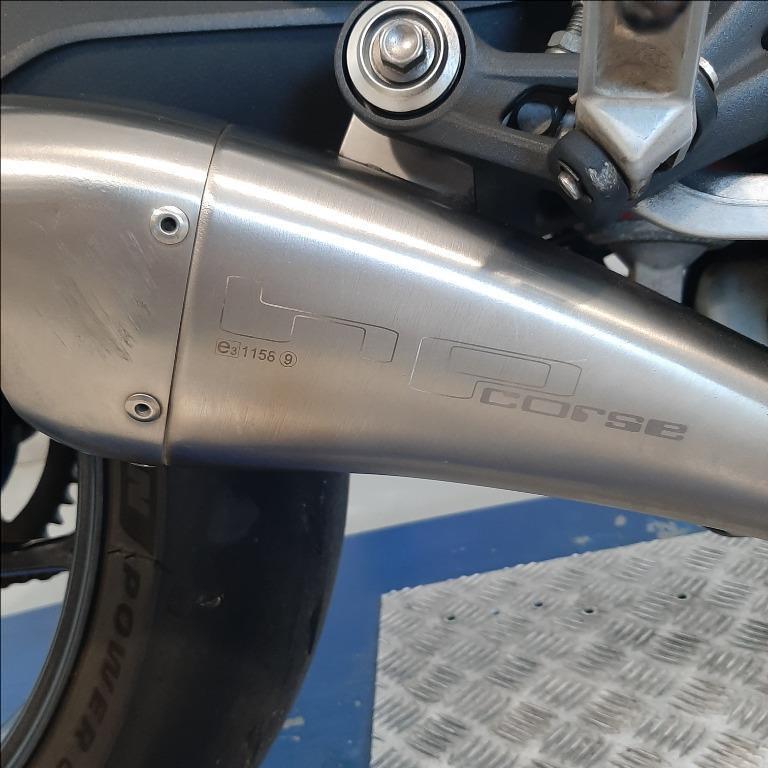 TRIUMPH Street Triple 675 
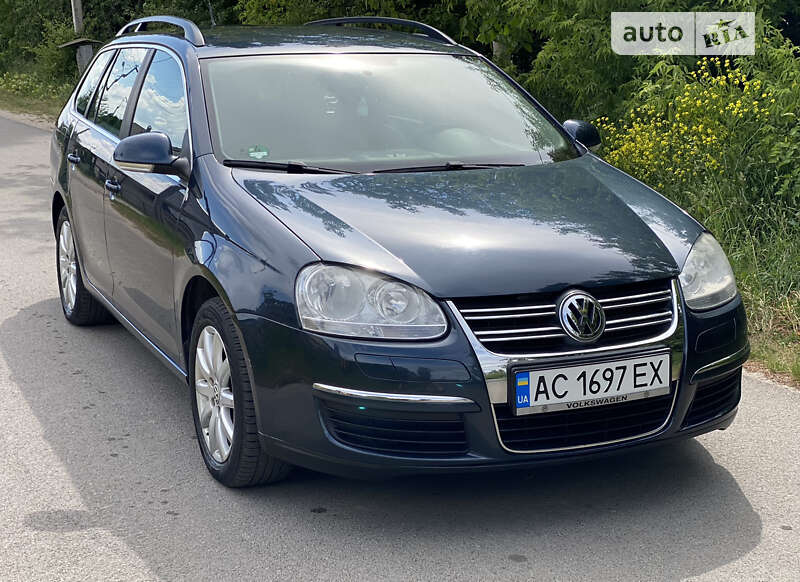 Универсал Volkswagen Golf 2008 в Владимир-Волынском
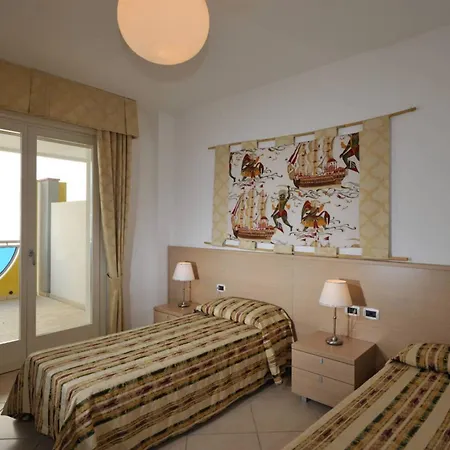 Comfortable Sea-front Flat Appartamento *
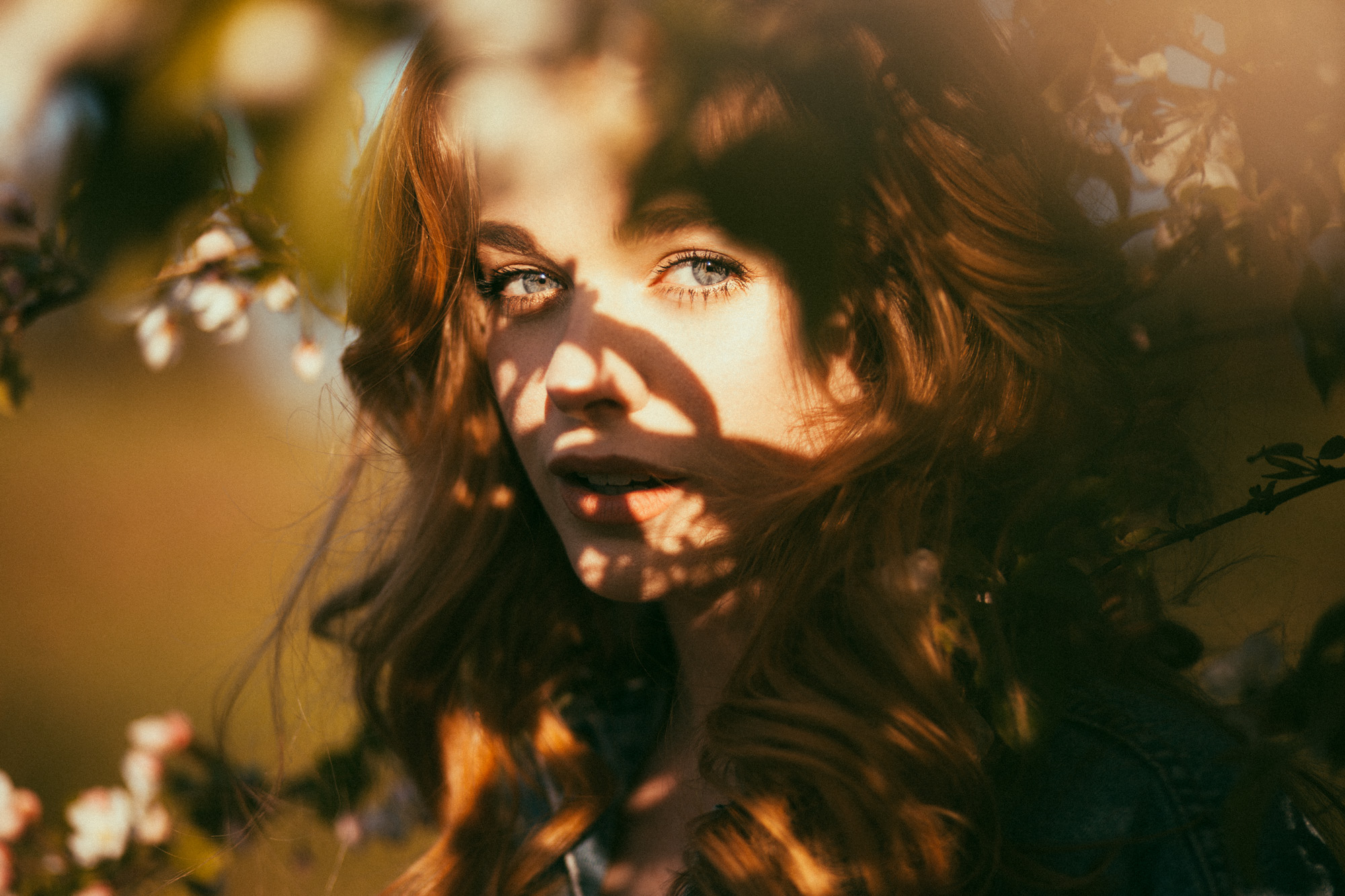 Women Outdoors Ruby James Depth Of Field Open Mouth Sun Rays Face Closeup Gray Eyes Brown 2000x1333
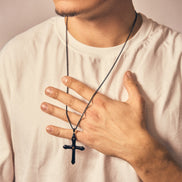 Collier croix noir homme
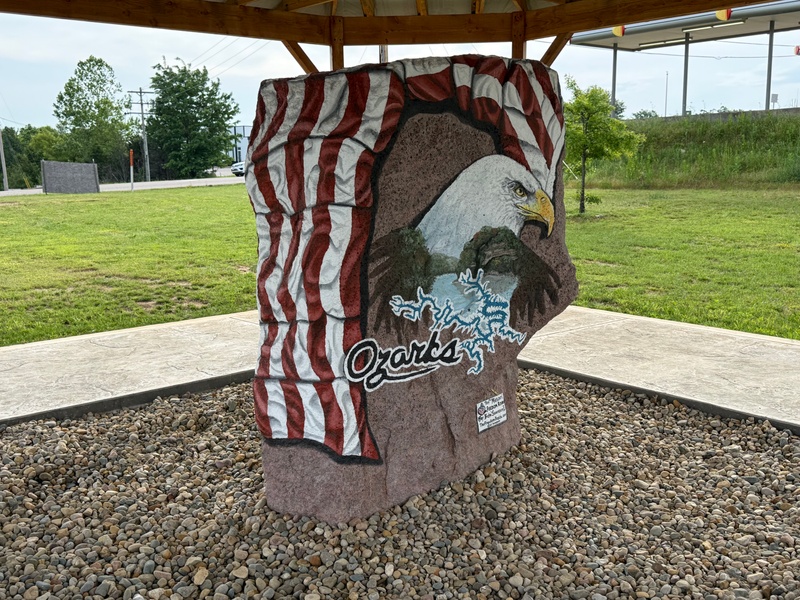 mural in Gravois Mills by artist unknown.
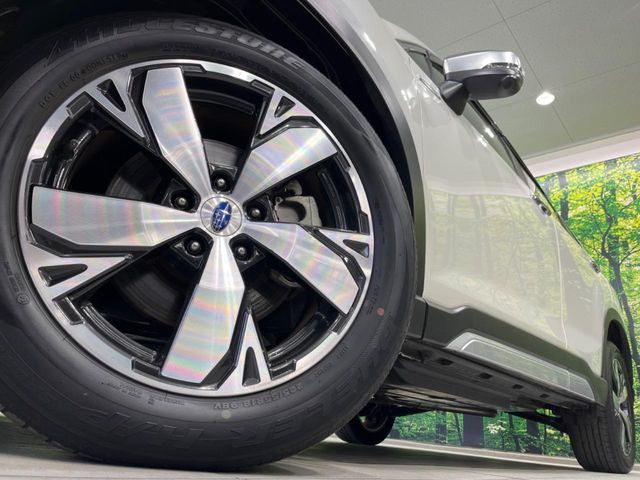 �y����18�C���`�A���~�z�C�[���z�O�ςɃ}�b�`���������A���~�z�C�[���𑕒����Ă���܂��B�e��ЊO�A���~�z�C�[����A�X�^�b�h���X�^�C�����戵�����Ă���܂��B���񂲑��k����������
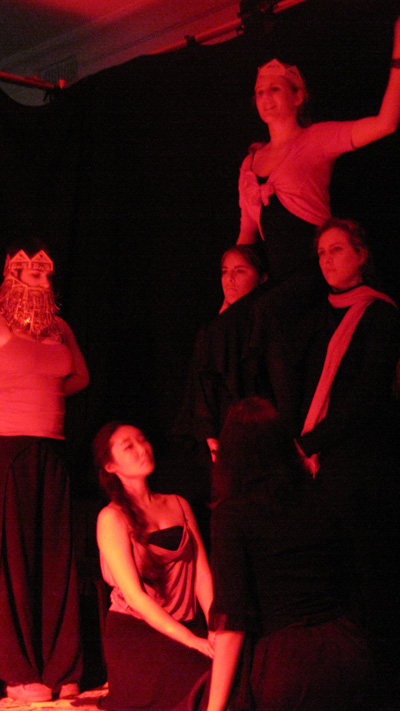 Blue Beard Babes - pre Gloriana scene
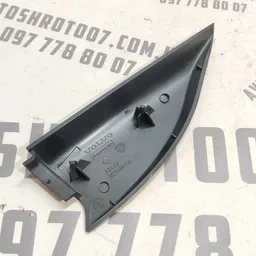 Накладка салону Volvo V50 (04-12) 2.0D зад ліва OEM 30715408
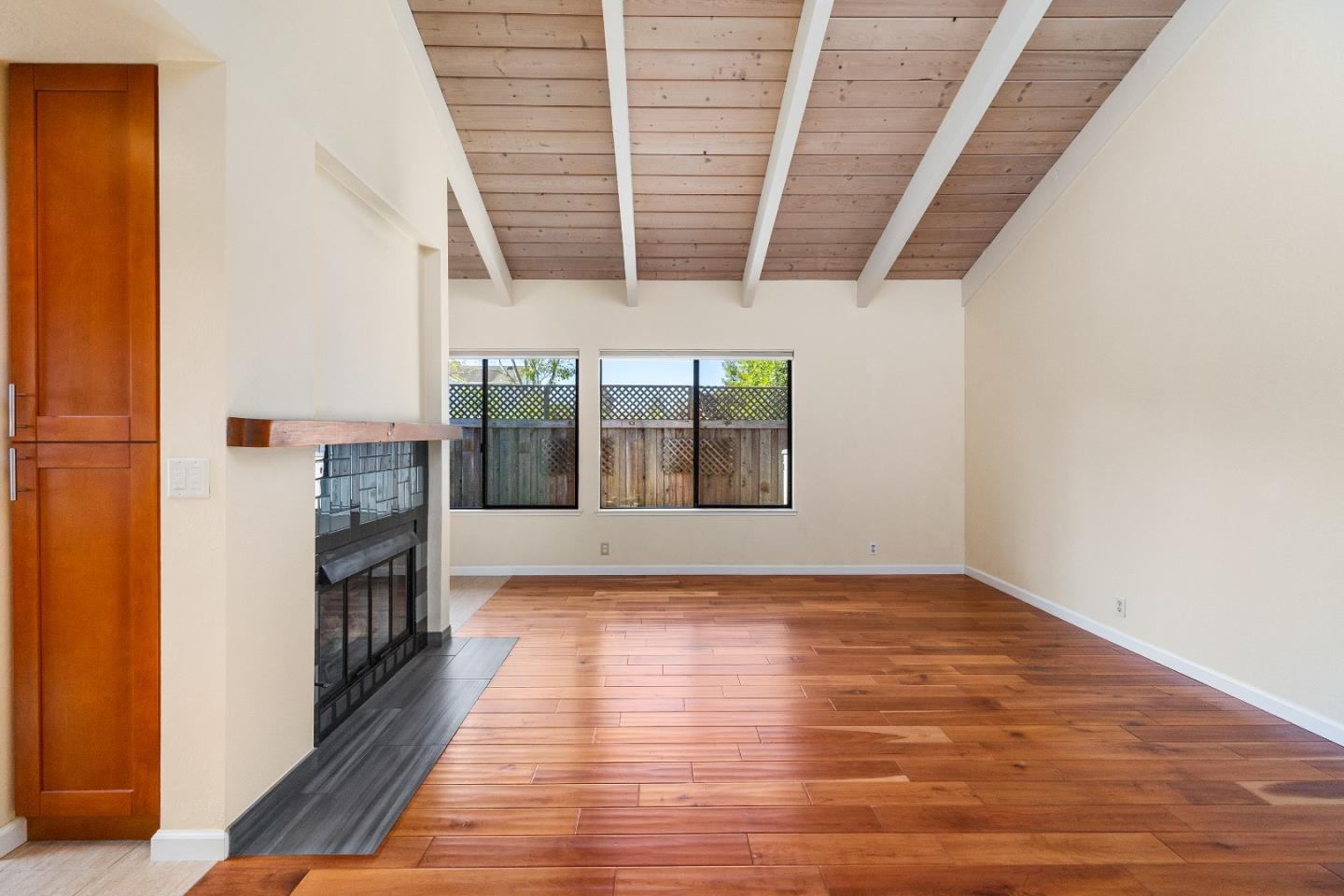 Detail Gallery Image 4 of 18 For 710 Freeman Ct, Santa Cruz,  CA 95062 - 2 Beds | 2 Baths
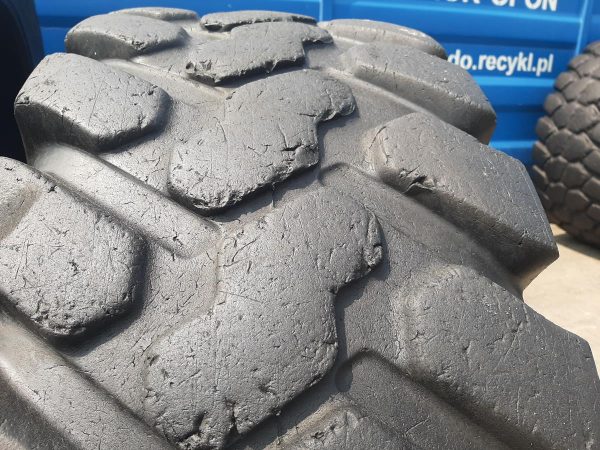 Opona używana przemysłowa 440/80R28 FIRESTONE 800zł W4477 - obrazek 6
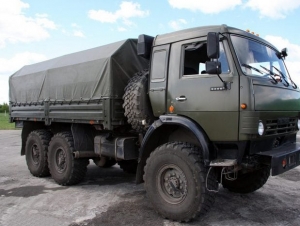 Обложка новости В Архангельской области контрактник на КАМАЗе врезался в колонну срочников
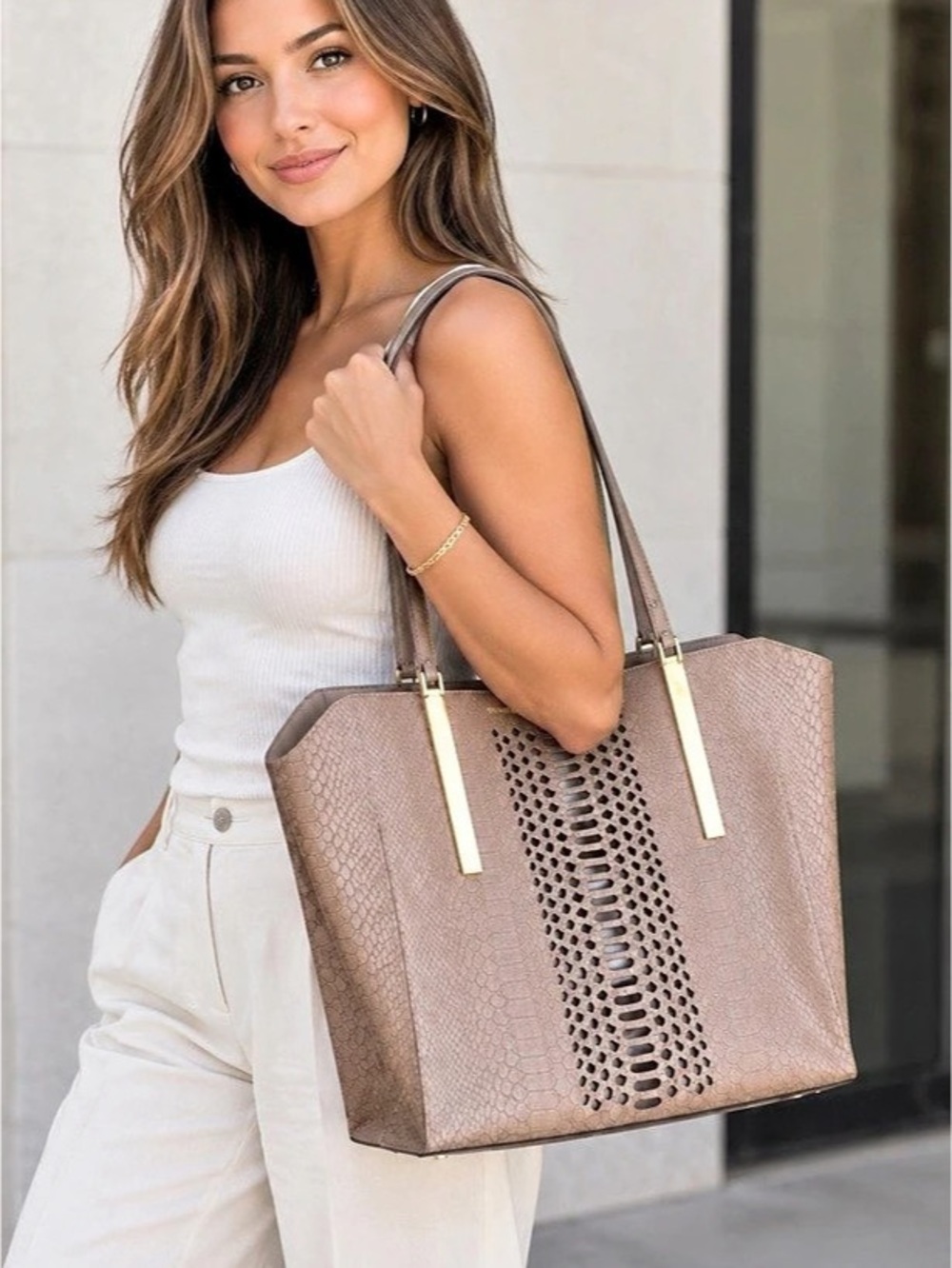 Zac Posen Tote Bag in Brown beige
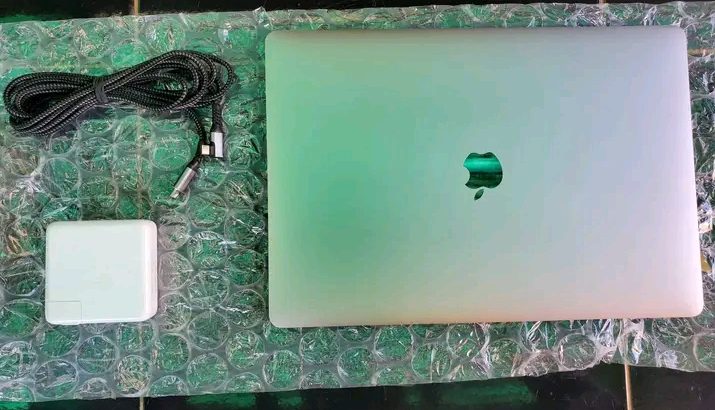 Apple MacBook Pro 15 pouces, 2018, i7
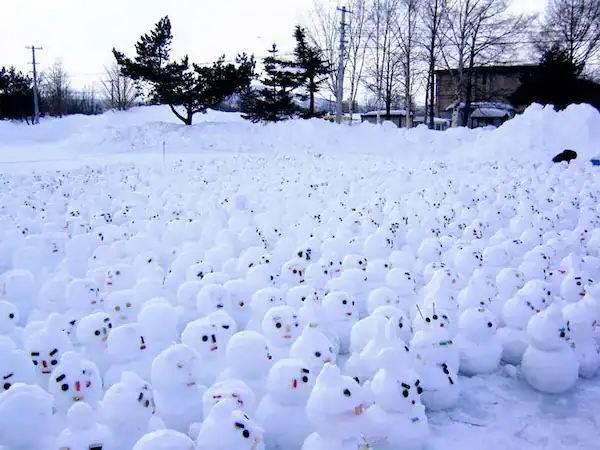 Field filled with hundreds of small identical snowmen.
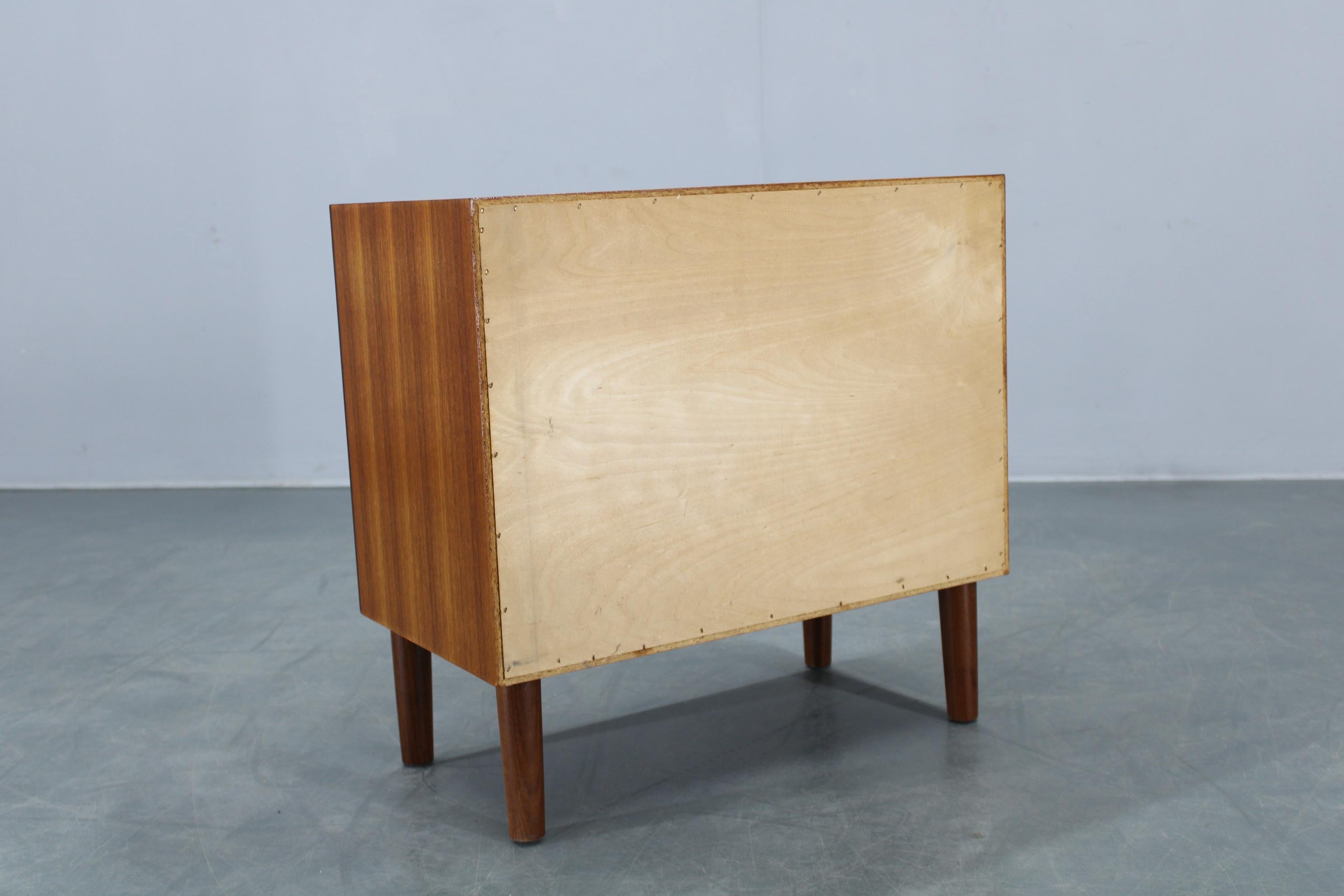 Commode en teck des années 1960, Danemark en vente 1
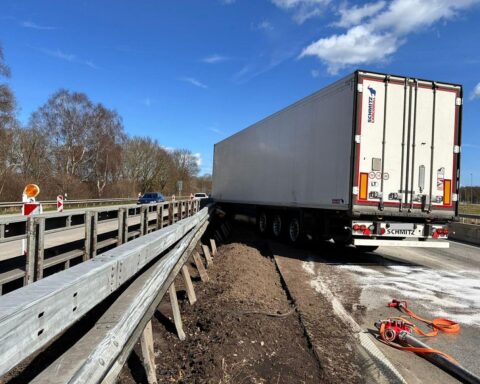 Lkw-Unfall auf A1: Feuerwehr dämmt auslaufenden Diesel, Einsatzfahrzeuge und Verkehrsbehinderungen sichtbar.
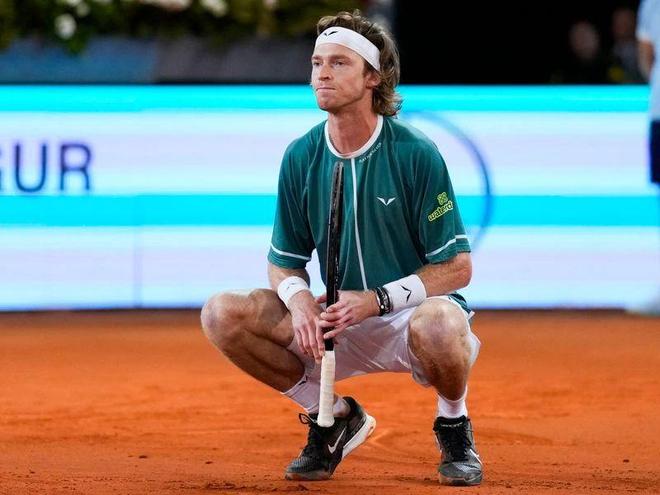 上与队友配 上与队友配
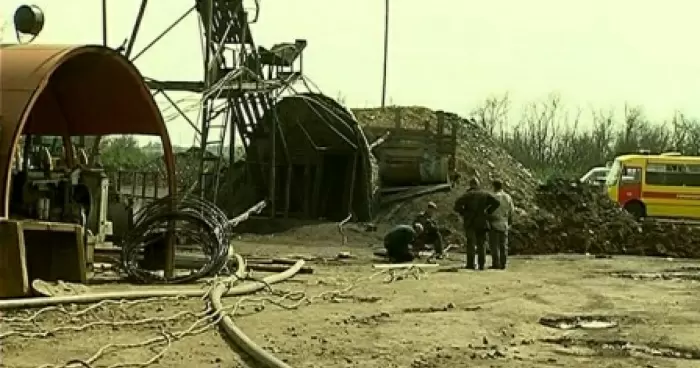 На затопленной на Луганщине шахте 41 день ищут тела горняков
○ ○ ○
Work required: In the data above, find the line with "Blue Beard Babes - pre Gloriana scene" and repeat it and every line after it through the end, exactly; leave the pictures out.

Response to this exercise:
 Blue Beard Babes - pre Gloriana scene
 Накладка салону Volvo V50 (04-12) 2.0D зад ліва OEM 30715408
 Detail Gallery Image 4 of 18 For 710 Freeman Ct, Santa Cruz,  CA 95062 - 2 Beds | 2 Baths
 Opona używana przemysłowa 440/80R28 FIRESTONE 800zł W4477 - obrazek 6
 Обложка новости В Архангельской области контрактник на КАМАЗе врезался в колонну срочников
 Zac Posen Tote Bag in Brown beige
 Apple MacBook Pro 15 pouces, 2018, i7
 Field filled with hundreds of small identical snowmen.
 Commode en teck des années 1960, Danemark en vente 1
 Lkw-Unfall auf A1: Feuerwehr dämmt auslaufenden Diesel, Einsatzfahrzeuge und Verkehrsbehinderungen sichtbar.
 上与队友配 上与队友配
 На затопленной на Луганщине шахте 41 день ищут тела горняков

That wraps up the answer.